Empresas y finanzas

La falta de regulación en las plataformas digitales lleva a la precarización del trabajo

  • Los expertos advierten sobre la necesidad de tomar medidas urgentes
  • El 41,6% cree que las empresas tradicionales incorporarán esta economía
Repartidor de Glovo.

El crecimiento de la economía de las plataformas y la precarización del trabajo que algunas conllevan hace necesaria y urgente una regulación global que garantice los derechos de los trabajadores, según las conclusiones de la jornada organizada por la Universitat Oberta de Catalunya (UOC) sobre El futuro del trabajo y las plataformas digitales de empleo, ¿oportunidad o precariedad?

En España alrededor del 3% de la población trabaja en este tipo de empresas, un porcentaje algo menor que en Europa, y con el tejido productivo de España es de esperar que, en poco tiempo, muchas compañías tradicionales se integren en la economía de plataformas, según datos de la Organización Internacional del Trabajo (OIT). De ahí la importancia de una regulación internacional no solo sobre las condiciones fiscales, sino también sobre las condiciones salariales y contractuales de los trabajadores, para velar por su protección social y salud laboral.

Salario mínimo

Según el estudio Las plataformas digitales y el futuro del trabajo, de la OIT, los trabajadores de estas empresas están cobrando por debajo del salario mínimo interprofesional, alrededor de 4 dólares (3,54 euros) la hora. Además, apenas seis de cada diez tienen seguro de salud y solo el 35% cotiza para una pensión o plan de jubilación. Otros datos que preocupan son, por ejemplo, que a la mayoría de los trabajadores les gustaría trabajar más horas o que un tercio de su horario lo dedican a buscar empleo.

"Para regular las plataformas es necesario un acuerdo internacional", ha afirmado Judith Carreras, consejera en la Oficina de la OIT España. "Hay realidades distintas dentro de la economía de las plataformas. No es lo mismo una plataforma de crowdworking, en la que los trabajadores realizan un servicio para un cliente que está en cualquier país del mundo, que empresas como Uber o Cabify, que intermedian entre el cliente y el trabajador para realizar un servicio que se resuelve físicamente en un mismo lugar", ha explicado Carreras. Sin embargo, ambos modelos plantean retos parecidos en términos de responsabilidad fiscal y laboral.

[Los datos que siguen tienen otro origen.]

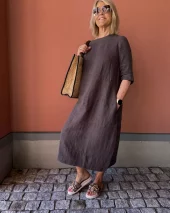 gallery-4784-for-11000-136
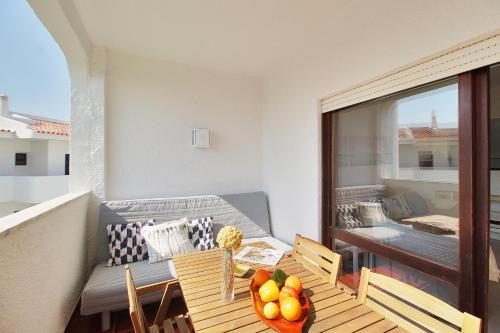 T1 Vilamoura, Piscina Terraço Prestige For Home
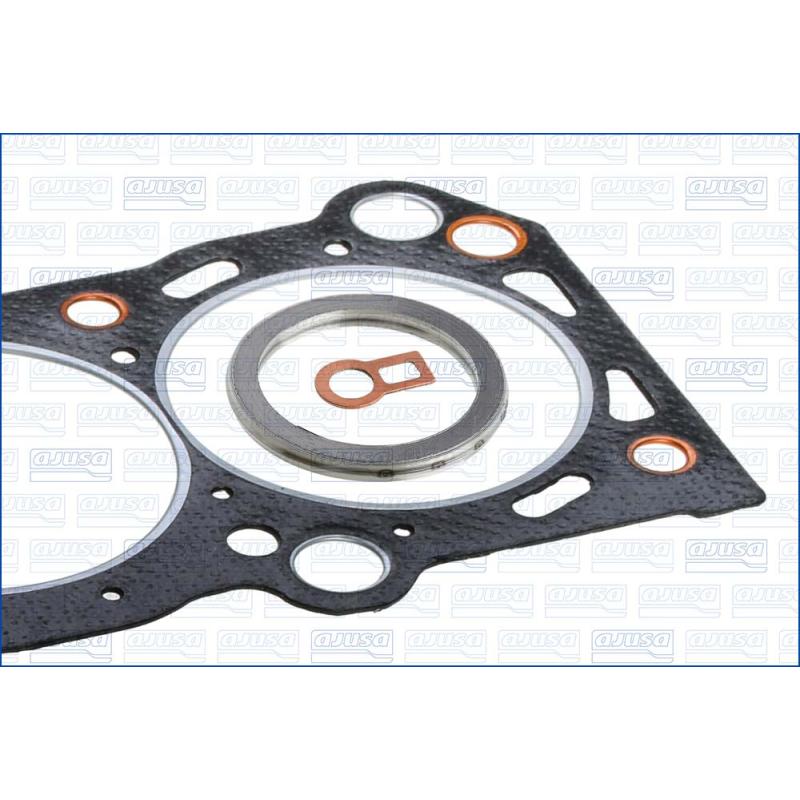 Pochette haute AJUSA 52113200 - Visuel 2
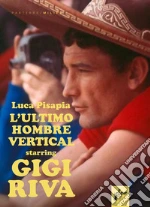 Pisapia Luca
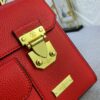 Stylish Fashion Carry L*V Handbag 1016 Stylish Fashion Carry L*V Handbag 1016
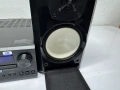Аудио система - Onkyo CR-525UKD, снимка 3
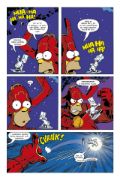 Obrázek Simpsonovi 36: 12/2024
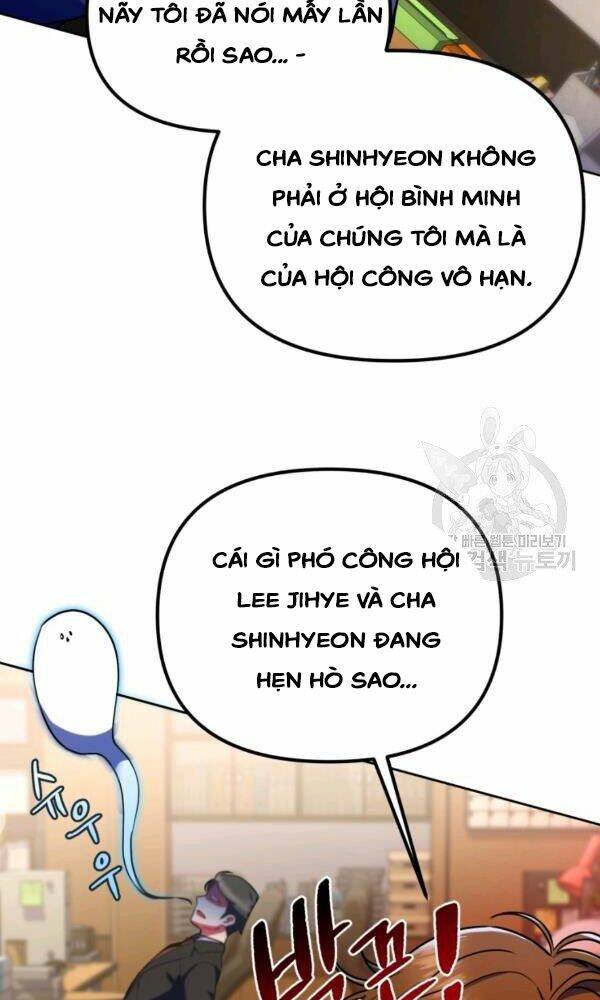 Chương 22 - Trang 5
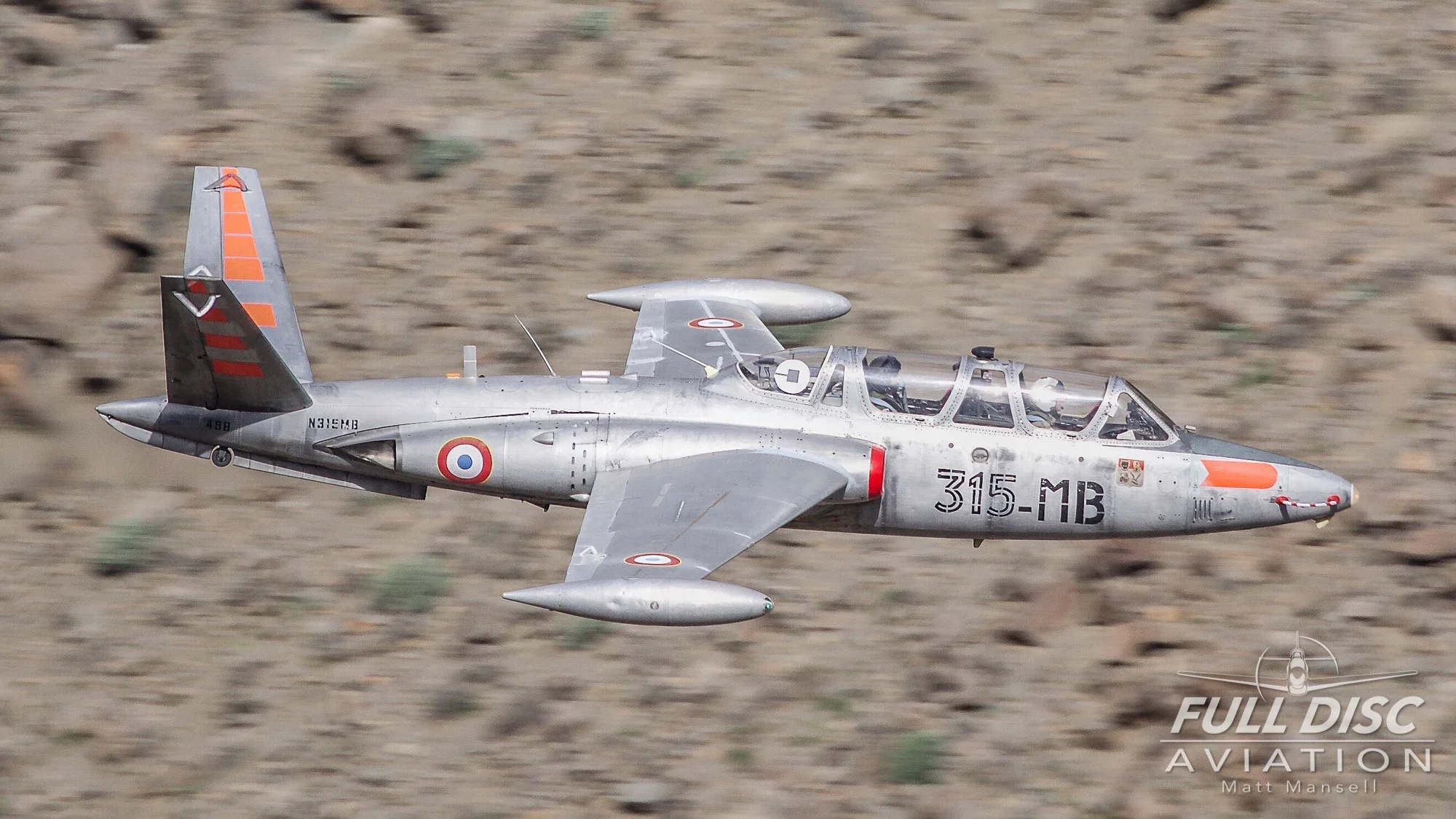 mattmansell_fulldiscaviation__fouga.jpg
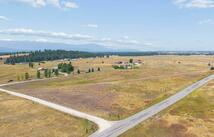 66 Douglas Drive, Eureka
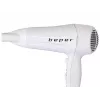 Ventilator Beper 40.490 40W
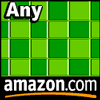 Amazon.com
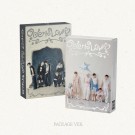 (PRE-ORDER) NCT WISH - Ode to Love [Package Ver.] thumbnail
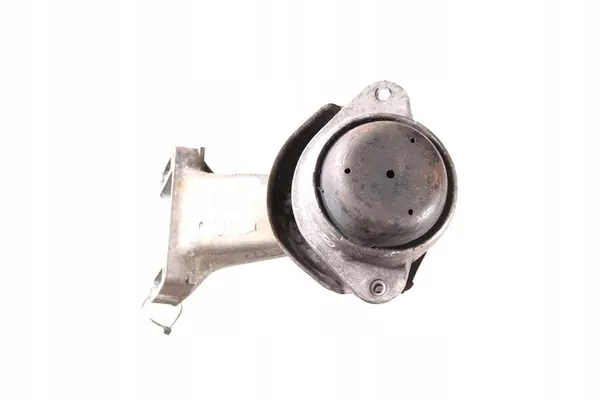 Supporto Motore Mercedes W140 93r OEM 1242402617 image 7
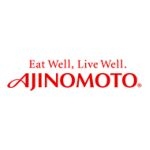 Ajinomoto brands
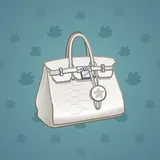 Loot Bag #12821 Loot Bag #12821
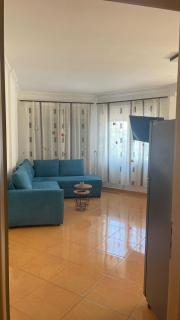 Bright and Cozy - Durazzo - 8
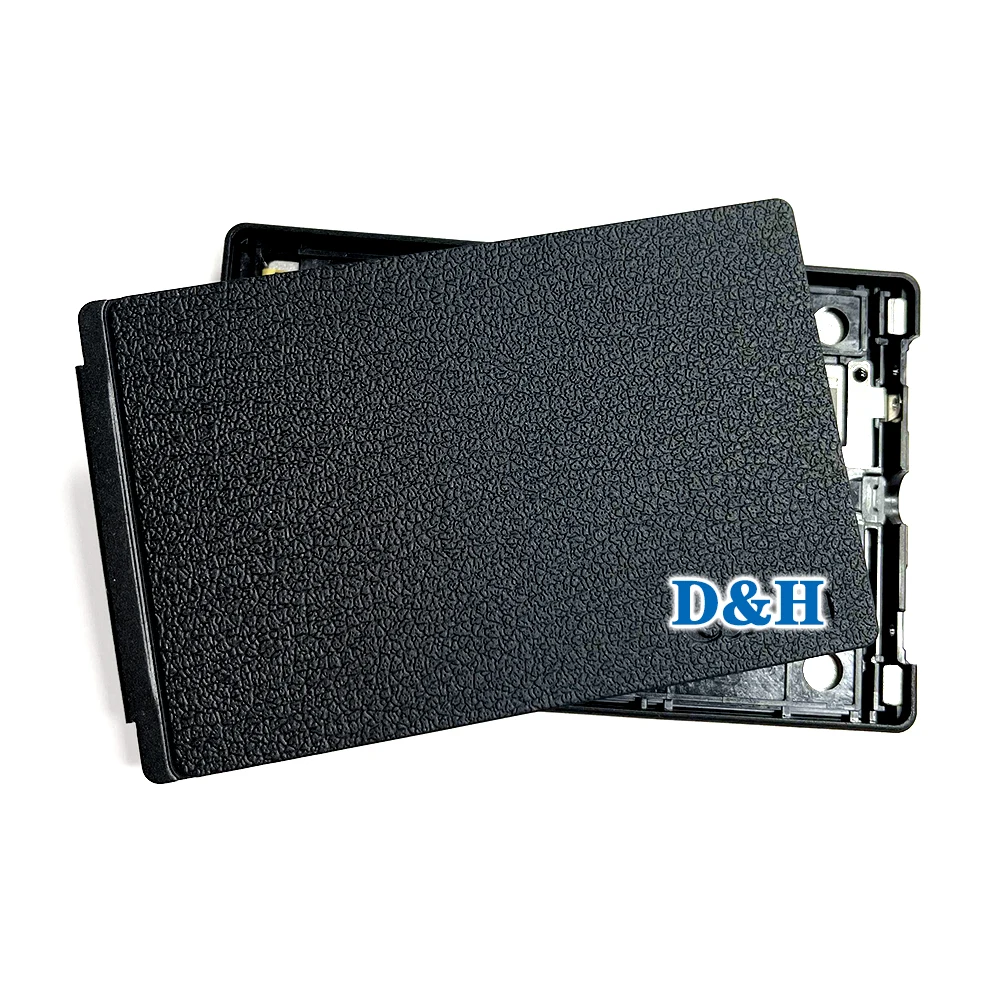 

New Original EOS M50 Display Screen Shell For CANON M50 LCD Back Cover Camera Repair Parts Free Shipping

"Si no se toman medidas, corremos el riesgo de uberizar toda la economía", ha advertido Ignasi Beltran de Heredia, profesor de los Estudios de Derecho y Ciencia Política de la UOC. El modelo de negocio sobre el que se sustentan algunas de estas plataformas, como Glovo o Deliveroo, "solo es viable si los prestadores de los servicios no son trabajadores por cuenta ajena", advirtió, "puesto que difícilmente subsistirían si tuvieran que asumir las mismas cargas sociales que sus competidores no digitales". Estos modelos pueden estimular el empleo, admitió, "pero a costa de la precariedad absoluta. La población no es consciente del riesgo: si se quiere economía low cost, se tendrá estado de bienestar low cost".

"Siguiendo un proceso de ensayo-error, estas plataformas se están revistiendo de una sofisticada ingeniería jurídica para tratar de eludir, ficticiamente, la laboralidad. Pero las plataformas no son meras intermediarias cuando penalizan al trabajador si rechaza trabajos u obtiene malas puntuaciones de los usuarios, por mucho que aleguen que cada persona es libre para escoger o no un servicio", dijo Beltran de Heredia.

En nuestro país son los jueces los que determinan la modalidad laboral de los trabajadores, aunque las sentencias son contradictorias. La última la ha dictado un juzgado de Oviedo, que dio la razón a Glovo sobre la legalidad de su modelo laboral. Y este fallo llegó después de que la Inspección de Trabajo de Barcelona opinara todo lo contrario y ordenara a la Seguridad Social que diera de alta a los repartidores de la empresa Glovo como trabajadores asalariados.

Creación de puestos

El 59% de los directores de recursos humanos cree que la economía de plataformas digitales generará empleos una vez esté bien regulada, y el 37,4% opina que creará muchos puestos en los próximos años, según un informe reciente elaborado por Adecco y el Instituto Cuatrecasas. Por otra parte, los españoles creen que estas plataformas mejoran la vida de los usuarios, pero abogan por un mayor control de ellas, tal y como se desprende de una encuesta realizada el pasado mes por la empresa de análisis de datos 40dB.

"El debate suele centrarse en si los trabajadores de estas plataformas son autónomos o deberían ser asalariados. La consideración de una u otra figura cambia sus condiciones de trabajo", explicó Elsa Santamaría, profesora de los Estudios de Psicología y Ciencias de la Educación de la UOC y directora del máster universitario de Empleo y Mercado de Trabajo: Intervención y Coaching Laboral.